The potential harm associated with privacy breaches underscores the need for stringent security protocols to protect patient data. Furthermore, legal and regulatory frameworks governing AI-assisted clinical decision-making introduce additional complexity, particularly in determining accountability for adverse outcomes arising from the interplay between human clinical judgment and AI-generated recommendations. The rapid pace of AI innovation often outpaces regulatory development, leading to uncertainty regarding compliance requirements and legal liability for healthcare providers and institutions.48
To mitigate these risks, healthcare organizations must implement comprehensive risk management frameworks, including ethical oversight and legal safeguards. Such strategies are crucial to balancing the clinical and operational benefits of AI-assisted decision-making with the protection of patient rights and safety, thereby supporting the responsible use of AI in elderly diabetes care.
Future Directions
Seamless Integration and Workforce Development
The successful implementation of AI-assisted clinical decision-making systems requires seamless integration with existing EHRs and clinical workflows. Maximizing benefits while minimizing disruptions demands careful operational and technological alignment with current medical practices. Central to this process is effective workforce development, which entails comprehensive, role-specific training programs that address both technical competencies and organizational cultural barriers. Such programs should focus on continuous professional development, ensuring that healthcare providers across all levels of care delivery are equipped to engage with AI systems efficiently and confidently.

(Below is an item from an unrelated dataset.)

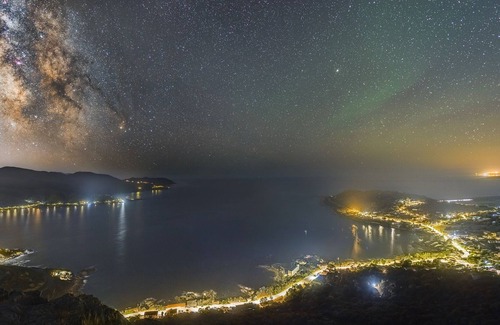Tiuccia Apartment | Studio feet in the water, on a beach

Algorithm Enhancement and Predictive Accuracy
Enhancing AI algorithms remains a critical priority for improving the predictive accuracy, reliability, and clinical applicability of AI solutions in elderly diabetes care. Developing specialized algorithms that account for the complexities of comorbidities and polypharmacy prevalent among older diabetic populations is essential. Moreover, improving algorithm interpretability and transparency is vital to facilitate clinical trust and acceptance. Tools such as Grad-CAM offer practical solutions, enabling healthcare professionals to visualize and understand which data features AI models emphasize during decision-making—an approach already validated in ophthalmologic disease classification.31 Additionally, establishing comprehensive decision-tracking systems is crucial to document AI-assisted decisions, ensuring accountability and traceability. Robust evaluation frameworks are also necessary to systematically assess AI’s short-and long-term impacts on patient outcomes, clinician satisfaction, and healthcare system efficiency.

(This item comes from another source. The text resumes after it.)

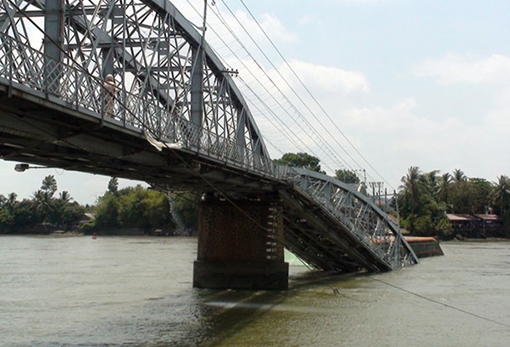 Khách đường sắt đi qua đoạn cầu Ghềnh sập bằng ô tô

Change Management and Cost-Benefit Analysis
Effective change management strategies are essential to overcome potential resistance among healthcare professionals and promote acceptance of AI-driven technologies. Regulatory frameworks must align closely with existing clinical and ethical standards, introducing AI-specific guidelines for validation, performance monitoring, and quality improvement. Establishing such comprehensive and transparent regulatory pathways will help ensure that AI technologies are safely and effectively implemented, upholding patient safety, clinical effectiveness, and equity in healthcare delivery.
Furthermore, developing AI models tailored specifically to elderly diabetes populations-supported by specialized databases that reflect the unique clinical complexities of this group-is imperative. These models must account for regional variations in genetics, treatment practices, economic factors, and healthcare resource availability, ensuring context-specific applicability. Simultaneously, thorough cost-effectiveness analyses are critical to evaluate both the initial and ongoing investments required for AI deployment, as well as potential cost savings derived from improved clinical efficiencies and reduced adverse outcomes. Such analyses are essential for strategic planning and for demonstrating AI’s long-term value in elderly diabetes care.
Study Limitations
This perspective article has several important limitations that should be acknowledged. First, our analytical approach focuses on strategic evidence selection rather than exhaustive literature coverage, which may limit the breadth of evidence considered in our arguments. Second, the heterogeneity in study designs, AI technologies, and population characteristics across the evidence we examined makes direct comparisons challenging and limits the generalizability of our recommendations. Third, the rapid pace of AI technological development means some evidence may become outdated quickly, and most available studies report only short-term outcomes, limiting our ability to assess long-term implementation impacts. Particularly “black box” nature of many AI algorithms presents ongoing implementation challenges, particularly in elderly care where patient-provider trust relationships are crucial for successful technology adoption.
Conclusion
The integration of AI into clinical decision-making represents a transformative advancement in the field of personalized precision medicine for elderly diabetic patients. This innovation comes at a critical time, as healthcare systems face mounting challenges posed by severe diabetes-related complications and significant patient heterogeneity among older adults. Traditional care models are increasingly inadequate to address the complex, multifactorial healthcare needs of elderly diabetic populations, particularly those with multiple comorbidities and variable responses to treatment.
Although research demonstrates that AI shows substantial promise in areas such as data integration, individualized treatment planning, real-time monitoring and alerts, natural language processing, and smart home healthcare, fully realizing these benefits requires overcoming important barriers. Technical challenges, including data standardization issues and insufficient representation of elderly populations in AI training datasets, underscore the need for advancements in algorithm development and comprehensive data acquisition strategies. Equally, psychological and ethical concerns-ranging from patient and family acceptance to privacy and accountability issues-demand a balanced and transparent implementation approach that upholds ethical integrity and patient trust.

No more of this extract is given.